Your instructions: Among the records below, which lines contain the string "vintage"? Report them.

[Stored records]
──────────────────────────────

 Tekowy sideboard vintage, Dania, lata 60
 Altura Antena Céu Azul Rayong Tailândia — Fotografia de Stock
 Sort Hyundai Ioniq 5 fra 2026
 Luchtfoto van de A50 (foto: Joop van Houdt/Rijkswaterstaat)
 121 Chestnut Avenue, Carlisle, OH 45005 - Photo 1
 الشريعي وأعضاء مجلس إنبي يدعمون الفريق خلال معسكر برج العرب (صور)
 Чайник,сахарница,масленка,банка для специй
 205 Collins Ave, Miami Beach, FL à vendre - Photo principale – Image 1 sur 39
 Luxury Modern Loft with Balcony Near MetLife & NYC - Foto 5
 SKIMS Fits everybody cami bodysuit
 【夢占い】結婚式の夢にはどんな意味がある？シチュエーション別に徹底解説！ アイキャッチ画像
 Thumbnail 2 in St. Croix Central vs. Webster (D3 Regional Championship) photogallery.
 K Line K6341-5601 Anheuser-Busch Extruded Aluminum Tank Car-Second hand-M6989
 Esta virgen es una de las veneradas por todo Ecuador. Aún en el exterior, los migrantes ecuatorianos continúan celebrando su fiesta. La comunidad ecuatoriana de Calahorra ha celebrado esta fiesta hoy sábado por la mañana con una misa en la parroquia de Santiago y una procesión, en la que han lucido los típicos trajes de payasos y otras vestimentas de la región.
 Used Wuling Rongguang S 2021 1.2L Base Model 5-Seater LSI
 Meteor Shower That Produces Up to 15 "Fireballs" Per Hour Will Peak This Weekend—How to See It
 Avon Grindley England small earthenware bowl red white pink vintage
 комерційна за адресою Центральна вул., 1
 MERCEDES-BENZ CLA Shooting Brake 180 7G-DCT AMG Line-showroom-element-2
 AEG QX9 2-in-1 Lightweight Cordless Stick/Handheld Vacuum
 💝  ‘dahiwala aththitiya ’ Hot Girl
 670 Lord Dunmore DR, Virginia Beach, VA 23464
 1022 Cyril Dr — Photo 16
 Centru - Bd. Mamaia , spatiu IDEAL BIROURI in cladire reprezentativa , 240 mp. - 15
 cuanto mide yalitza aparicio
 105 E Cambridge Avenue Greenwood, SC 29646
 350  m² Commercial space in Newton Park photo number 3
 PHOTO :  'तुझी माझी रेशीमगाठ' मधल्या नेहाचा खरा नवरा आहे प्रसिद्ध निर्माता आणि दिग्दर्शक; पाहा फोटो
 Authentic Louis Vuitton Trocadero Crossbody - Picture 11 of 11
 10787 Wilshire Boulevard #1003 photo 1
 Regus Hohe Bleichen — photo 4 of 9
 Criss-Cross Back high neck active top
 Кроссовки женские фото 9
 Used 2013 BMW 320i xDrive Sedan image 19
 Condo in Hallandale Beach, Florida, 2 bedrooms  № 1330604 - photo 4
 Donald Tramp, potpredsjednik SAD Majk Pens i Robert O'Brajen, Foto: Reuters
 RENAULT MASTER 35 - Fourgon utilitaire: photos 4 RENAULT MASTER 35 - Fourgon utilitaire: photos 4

──────────────────────────────

Answer box:
 Tekowy sideboard vintage, Dania, lata 60
 Avon Grindley England small earthenware bowl red white pink vintage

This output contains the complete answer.